Yes, it would be fine.


----------



## Phoenixk2 (Mar 16, 2014)

Phoe2006 said:


> That's what I got from the video maybe someone else has a different perspective on it, but the way I took it as long as u weren't dieting you should be fine. I kinda skipped through a few parts I'll finish watching the entire vid tomorrow when the old lady isn't home. She kinda gets on my ass now for being on the phone too much



Well the only kind of dieting he referred to was keto.
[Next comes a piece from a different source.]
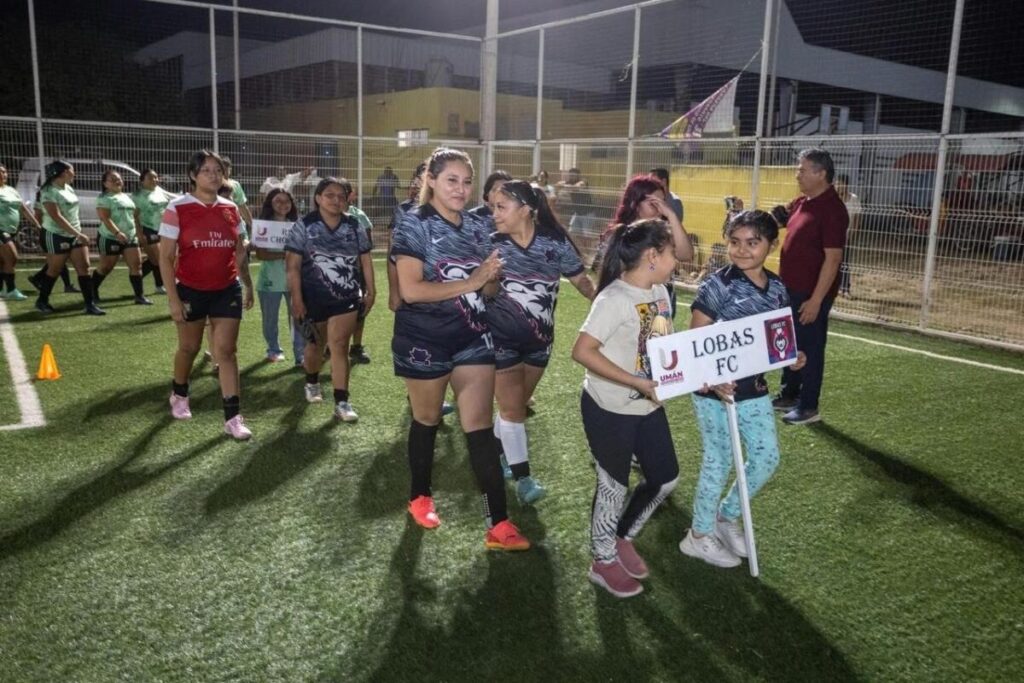 ¡Rueda el balón para ellas! Arranca en Umán el Torneo Femenil con premios históricos y 10 equipos en competencia / Kenia Walldina Sauri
So if you were doing a restricted calorie or carb cycling diet it would be ok.


----------



## Phoe2006 (Mar 17, 2014)

Yep you are right phoenix just finished watching the entire vid.
P


----------



## myosaurus (Mar 17, 2014)

interesting find, great vodeo! thank you!


----------



## Ironbuilt (Mar 17, 2014)

Kool swole.


----------



## Daniel11 (Mar 17, 2014)

Made me go drink some BCAAs.


----------



## Phoe2006 (Mar 17, 2014)

Yes I drink bcaa's as well already been in my workout regiment for the past few months but definitely a great vid with a lot more info.


----------



## Aquascutum828 (Mar 17, 2014)

Where did he said he got the info from?
I want to read about it and not just hear him talk about it.


----------



## swolesearcher (Mar 17, 2014)

i`m doing a carb cycle diet and i take bcaa first thing in the morning before cardio.. i know he was referring to keto diet but still i`m now kinda worried when i take bcaa before cardio in the am. should i swap to eaa? wondering if the study was done just on keto diet or even other kind of diet.. seems just on keto diet from what he says


----------



## Phoenixk2 (Mar 17, 2014)

Yeah they will take you out of ketosis and then your diet is screwed.


----------



## Daniel11 (Mar 18, 2014)

As long as the calories is below 50/hr or so it should be ok...  It's part of lean gains diet also.


----------